When cheering stops, get ready for bill

They’re here. Today. Finally.

So knock yourself out. It cost you enough.

Two weeks from today, the Games will be played, the medals counted, the flags waved.

And when the cheering stops, then comes the bill.

The other shoe, the provincial budget, drops on March 2. There’s already a forecast deficit of $1.7 billion for this year alone, and estimates have a way of growing into even bigger realities. One thing is certain. We’ll be paying for these 2010 Olympics for many, many years to come.

And with every cut to health or education, someone will ask, “Was it worth it?”

A long time ago, Victoria tossed out the idea that we could enjoy $10 billion in direct benefits from the 2010 Olympics. Post-recession (oops), PricewaterhouseCoopers was able to peg the direct benefits in the run-up to the games to a less splendid $1 billion.

For the next few weeks, hungry sales clerks will hope to add to the tally as Olympians from Norway to North Dakota comb through the made-in-China Mounties and other souvenir debris.

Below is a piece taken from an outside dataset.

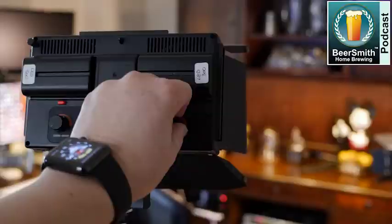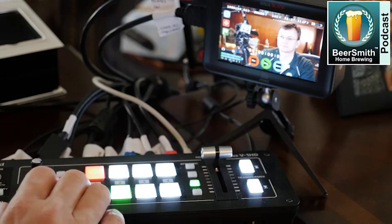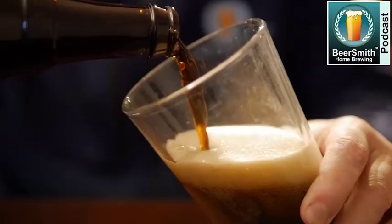John Palmer and John Blickman join me this week to discuss all-grain brewing essentials. This is Beersmith Podcast number 207, and it's late January 2020.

But it will take a while to come up with a final answer to that question, as it did for Expo 86, the last time the world came to our door. Turns out the world liked Vancouver so much it moved in and built a megatropolis out of a sleepy city by the sea. Long after they put the floating McDonald’s barge in drydock we can point to the skyline, SkyTrain and sky-high real estate prices as the legacy of Expo 86. What’s not to like?

Vancouver can’t get any more unaffordable than it already is? You just watch! If we get a few sunny days in a row during these Olympics, the part of the world that didn’t stay after Expo 86 will turn up, tooth brush in hand, looking for a place to stay. And we’ll add another million newcomers to the waterfront. If you sell real estate or designer kitchens, that’s a good thing.

There’s a school of thought that these Olympics will be our last super spectacle, because there’s just no more room to accommodate any more newcomers to Vancouver — in fact, along the whole I-5 corridor.

Truth is, we’re addicted to these spectacles. The Olympics will just fuel the urge for more.

This is one big playground. If you add up the new Sea-to-Sky Highway, the new Port Mann Bridge, the billion-dollar convention centre, it’s clear we’re just getting started. On the day the Olympics begin, I suspect the bright-eyed and bushy-tailed aren’t asking themselves: “Was it worth it?”

They’re asking: “What’s Next?”

– Paul Sullivan is a Vancouver-based journalist and owner of Sullivan Media Consulting;
vancouverletters@metronews.ca.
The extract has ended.